Jeanne G'Fellers - No Sister of Mine
LaRenna scratched at her hand. “Who hasn’t? But I don’t very often. Belsas and Chandrey raised me with love. I feel almost guilty asking for more.” She pushed Malley away, rose to her knees, and peeked hopefully at the courtyard. “All clear. Let’s check our postings.”“What was it like?” Malley lingered on the floor, still holding LaRenna’s hand.
“Being raised by the Taelach of All?” LaRenna settled cross-legged beside her.
“Uh-huh.”
“My gahrah is like most of your brooding types, pretty reserved, sometimes unemotional. I never could read her well enough to tell when I had overstepped my bounds.”
Malley raised a high arched eyebrow in suspicion. “Really?”
“She’d just smile like nothing happened and find me the most horrid chores to do around the housing compound.”
“She never smacked you?”
Shock sprang into LaRenna’s long-lashed eyes. “Why, no! Mamma would have exploded if Belsas ever had. When things got intense, Bel would just walk away. I probably would have preferred a thrashing to those chores or Chandrey’s lectures. It certainly would’ve been quicker.” LaRenna shook her head as childhood memories encroached her thoughts. “Those lectures made me feel so small.”

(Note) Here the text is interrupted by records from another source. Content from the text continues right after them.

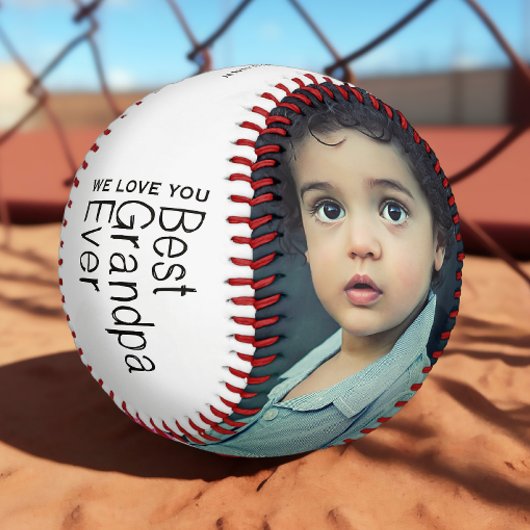 Bestes Opa-Foto Baseball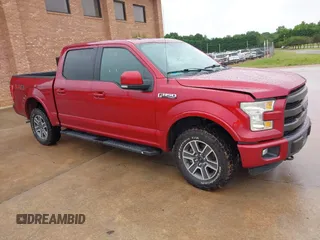 2015 Ford F-150 XLT with VIN 1FTEW1EF4FFD01545, listed as a IAAI auction lot 42355249 with 166,958 mi miles and . Bid and sale history available at DreamBid. Image 1.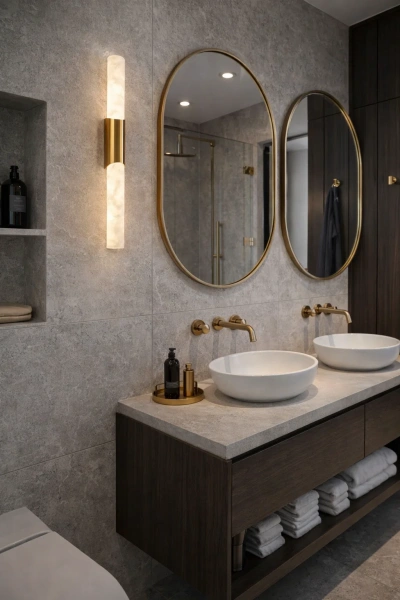 Wall light Aragon W2 Alabaster Spanish Marble LED 10W CCT BRS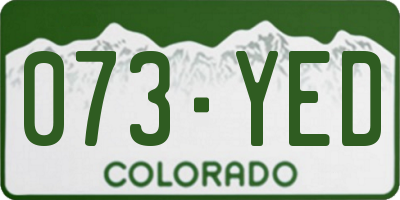 CO license plate 073YED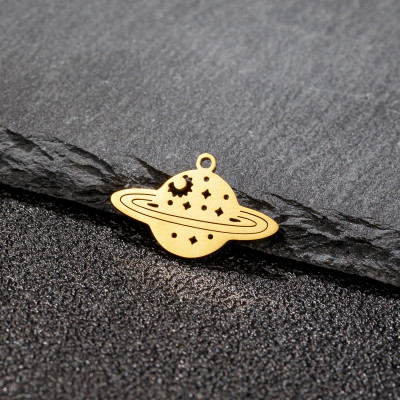 Pendant flying saucer surgical steel two colour variants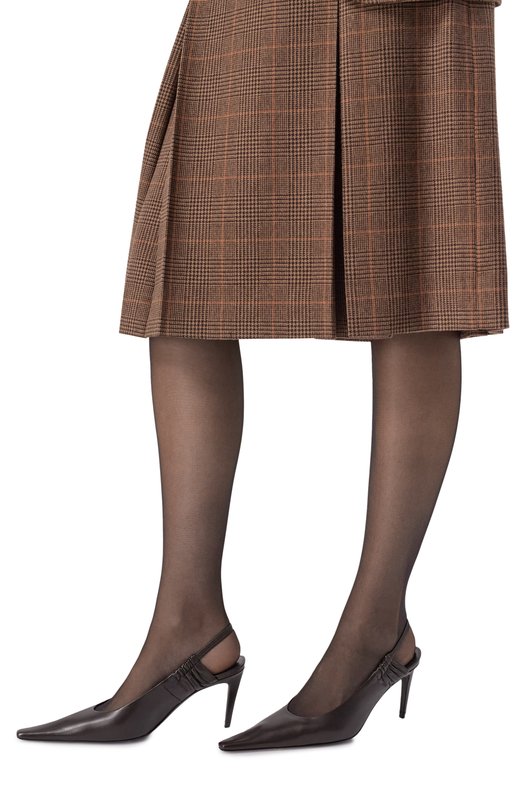 Кожаные туфли Anne-Marie 75 Saint Laurent 841183/AADF1 Чёрный  841183/AADF1 Фото 2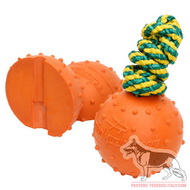 Palla galleggiante con corda, 7 cm per Pastore tedesco Palla galleggiante con corda, 7 cm per Pastore tedesco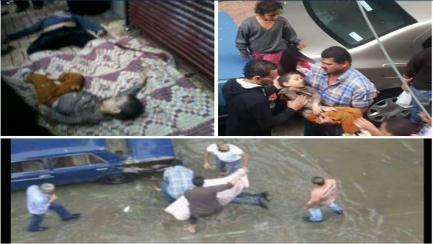 ارتفاع عدد ضحايا الأمطار إلى 7 بعد وفاة مواطن بـ"المحلة"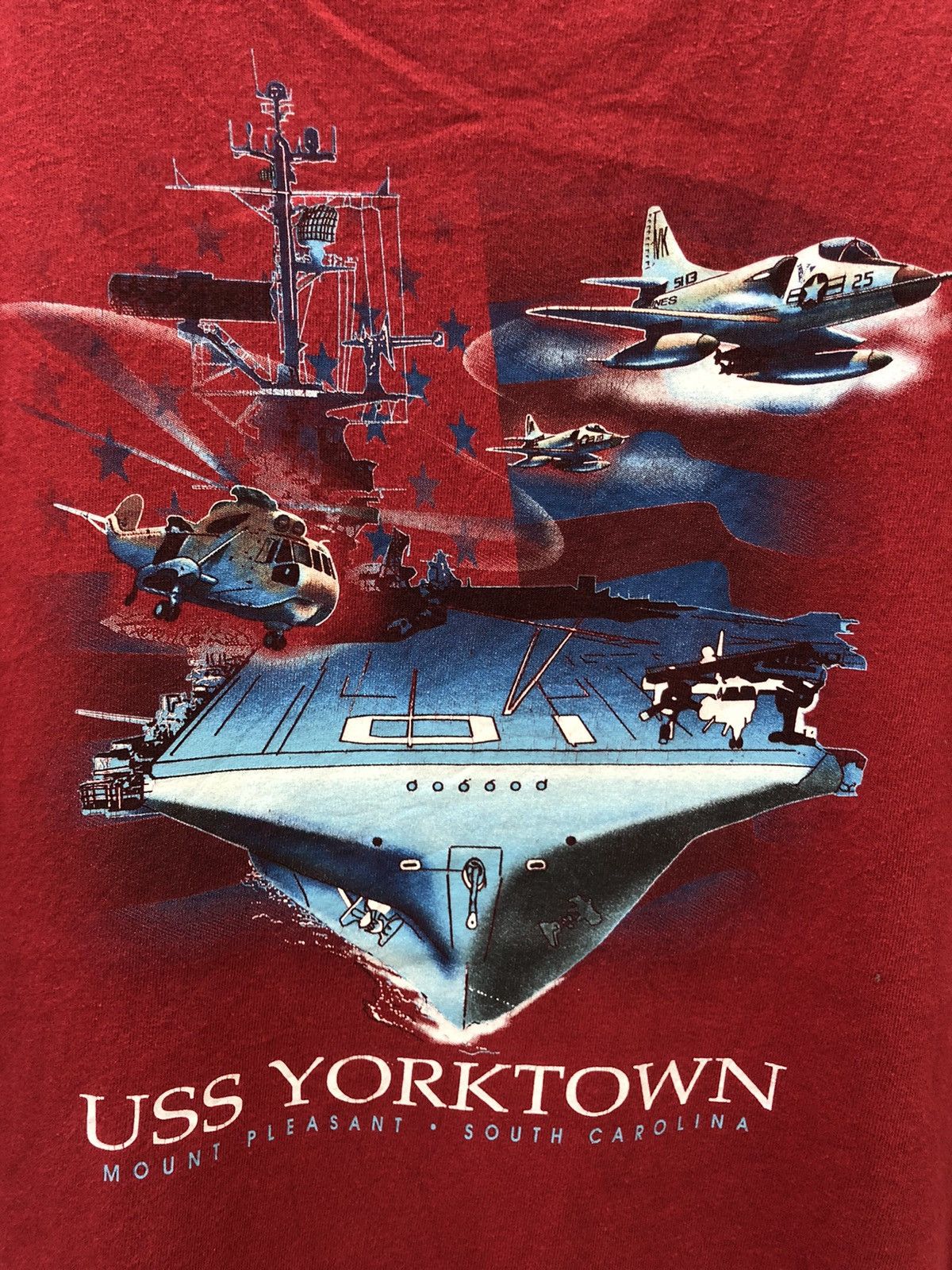 Delta × Vintage Vintage USS YORKTOWN very nice printed tees Size US L / EU 52-54 / 3 - 3 Thumbnail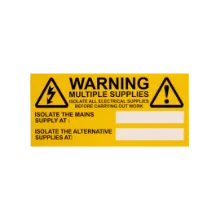 Picture of Warning Multiple Supply Label (IS9410SA)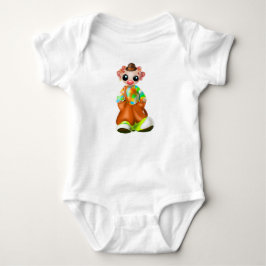 Body Para Bebê Bodysuits de Bebê Palhaço Fofo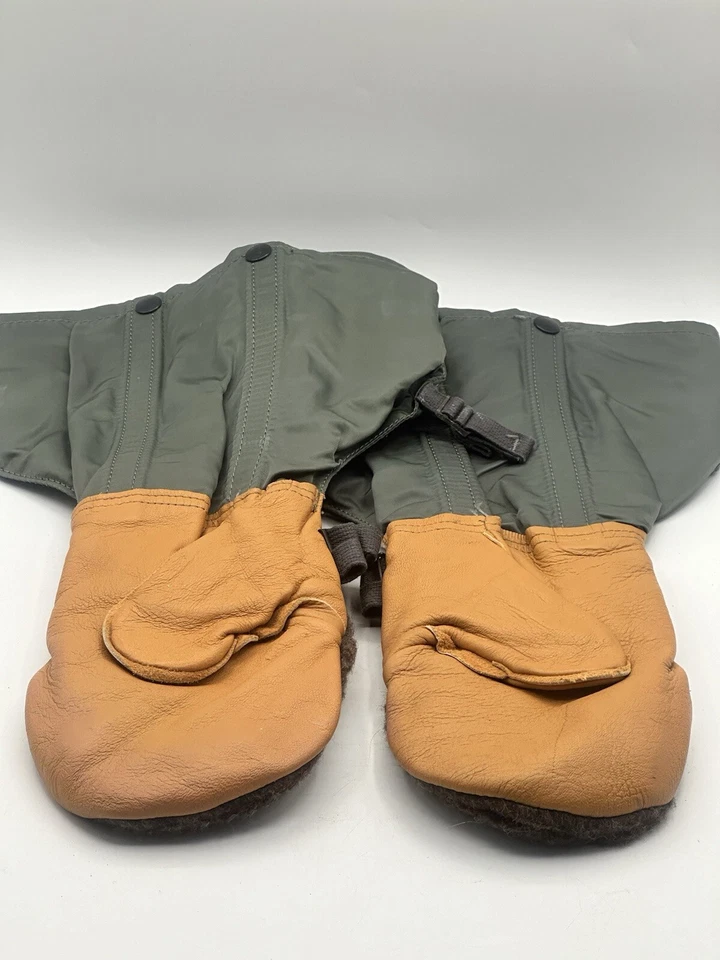 Illinois Glove Company US Military Flyers Mitón e Inserto de Lana Conjunto Mediano Foto 2 de 4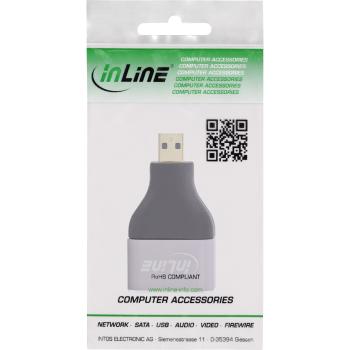 Preview: InLine® HDMI Adapter, HDMI A Buchse / Micro HDMI D Stecker, 8K UHD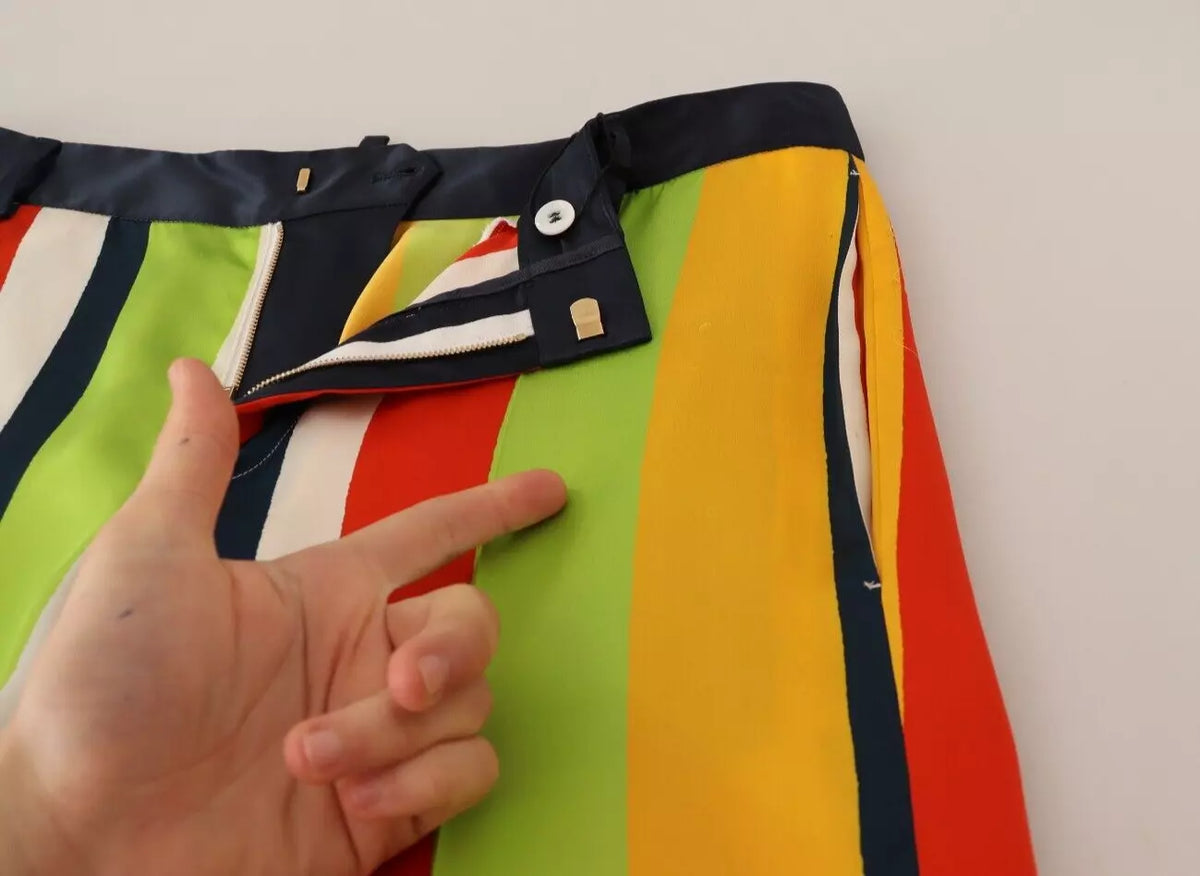 Pantalon droit à rayures multicolores Dsquared²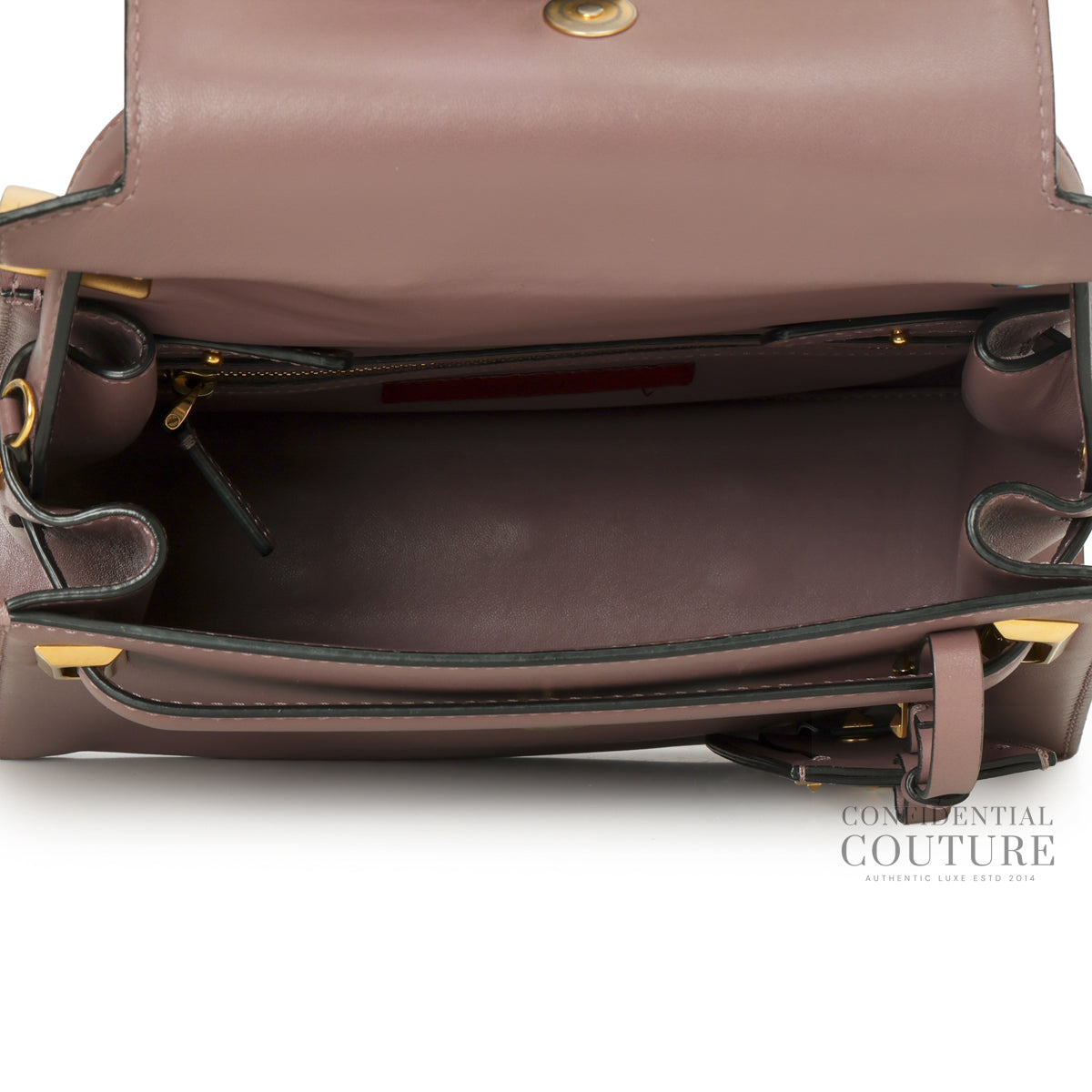 Garavani My Rockstud Leather Top Handle Bag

Malley dropped her handhold to smooth the bedrolls into inspection perfection. “I would have taken chores or words over a belt to the back end any day. Believe me, LaRenna, you would have too.”
LaRenna offered her friend a considering stare. Malley’s childhood had been impossibly rough, plagued by a pair of raisers who had never gotten along and had taken their problems out on their only child with regular ferocity. No wonder Malley had gone into military schooling at such a young age; it was an escape mechanism. “You make me feel privileged to have been raised by them. Chandrey and Belsas have always been close. That’s probably why they waited so long before they took a child to raise. I guess they were making sure of themselves.”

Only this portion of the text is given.